Increased compactness. DWARF fundamentally trades off compactness in
favour of its regular structure, which makes it easier to parse (but not
easier to interpret) but very hard to make it much smaller than it is
now. Where DWARF uses word-sized and larger entities for everything, CTF
packs everything much more tightly -- and this is quite visible in the
resulting file sizes, once deduplicated. (CTF for the entire Linux
kernel is about 6MiB after gzipping, and that includes not only complete
descriptions of its tens of thousands of types but also type and string
table entries for every structure and union member name, every
enumeration member, and every global variable. More conventional
programs will be able to eschew spending space on some of these because
the ELF string table already contains their names, and we reuse those
where possible. Insofar as it is possible to tell, the DWARF type info
for the entire kernel, even after deduplication, would be many times
larger: it is certainly much larger as it comes out of the compiler. You
could define a "restricted DWARF" with smaller tags etc that is smaller,
but frankly that would no longer be DWARF at all.)

(I'm using the kernel as an example a lot not because CTF is
kernel-specific but because our *existing deduplicator* happens to be
targetted at the kernel. This is already an annoying limitation: we want
to be able to use CTF in userspace more easily and more widely, without
kludges and without incurring huge costs to generate gigabytes of DWARF
we otherwise aren't using: hence this project.)

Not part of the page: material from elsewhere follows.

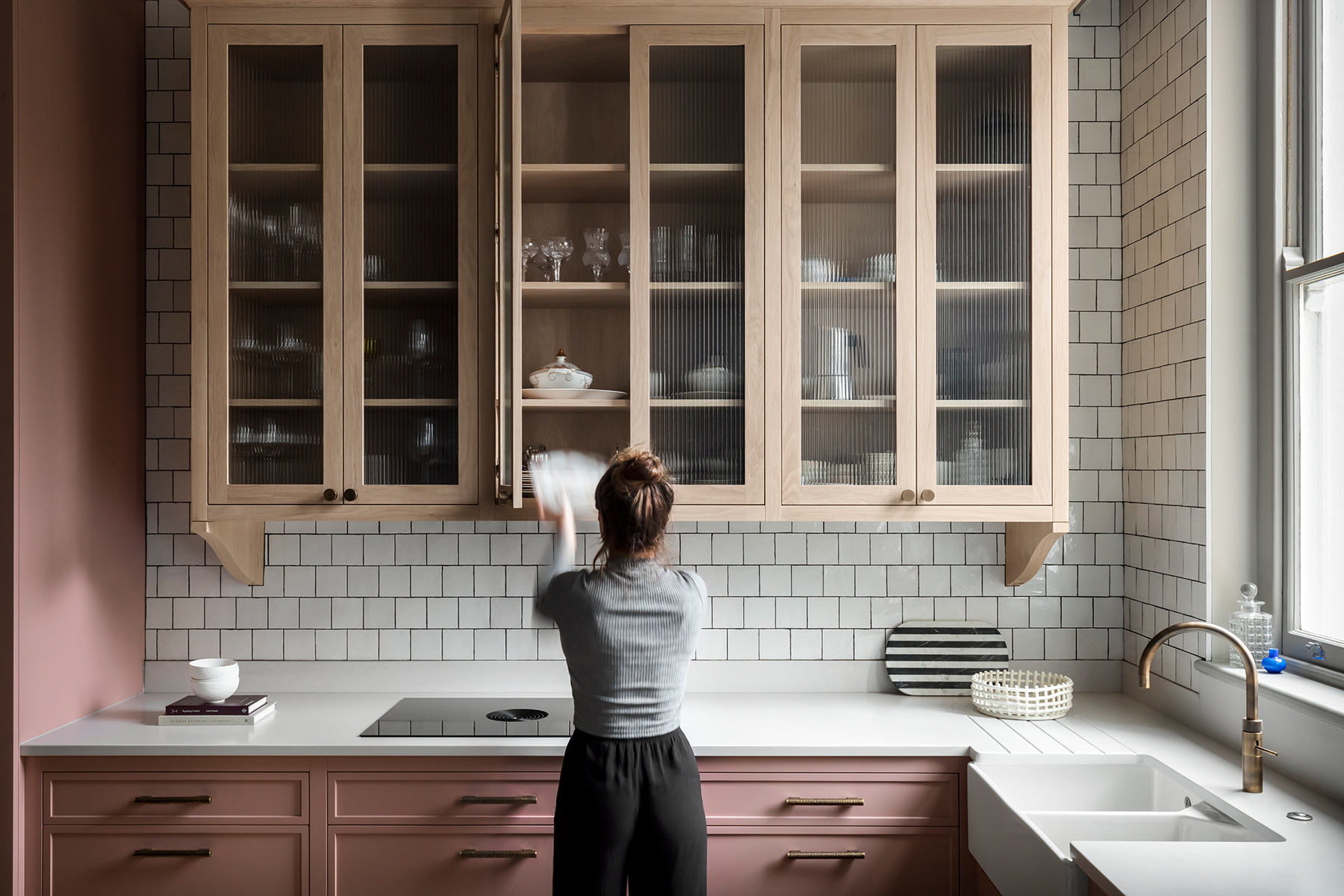Woman organizing glass cabinets above a pink kitchen counter.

When programs try to consume DWARF from large programs the size of the
kernel, even with indexes I observe a multi-second lag and significant
memory usage: no program I have tried has increased its RSS by less than
100MiB. CTF consumers can suck in the CTF for the core kernel in well
under a third of a second, and can traverse the CTF for the kernel and
all modules (multiple CTF sections in an archive, sharing common types
wiht a parent section) in about a second and a half (from a cold cache):
RSS goes up by about 15MiB. If DWARF usage can impose a burden that low
on consumers, it's the first I've ever heard of it.

>> (Even with the exception of its embedded string table, it is already small
>>  enough to  be kept around in stripped binaries so that it can be relied upon
>>  to be present.)
>
> So for distributing a program/library for SUSE we usually split the
> distribution into two pieces - the binaries and separated debug information.
> With CTF we'd then create both, continue stripping out the DWARF information
> but keep the CTF in the binaries?
>
> When a program contains CTF only, can gdb do anything to help debugging
> of a running program or a core file?  Do you have gdb support in the works?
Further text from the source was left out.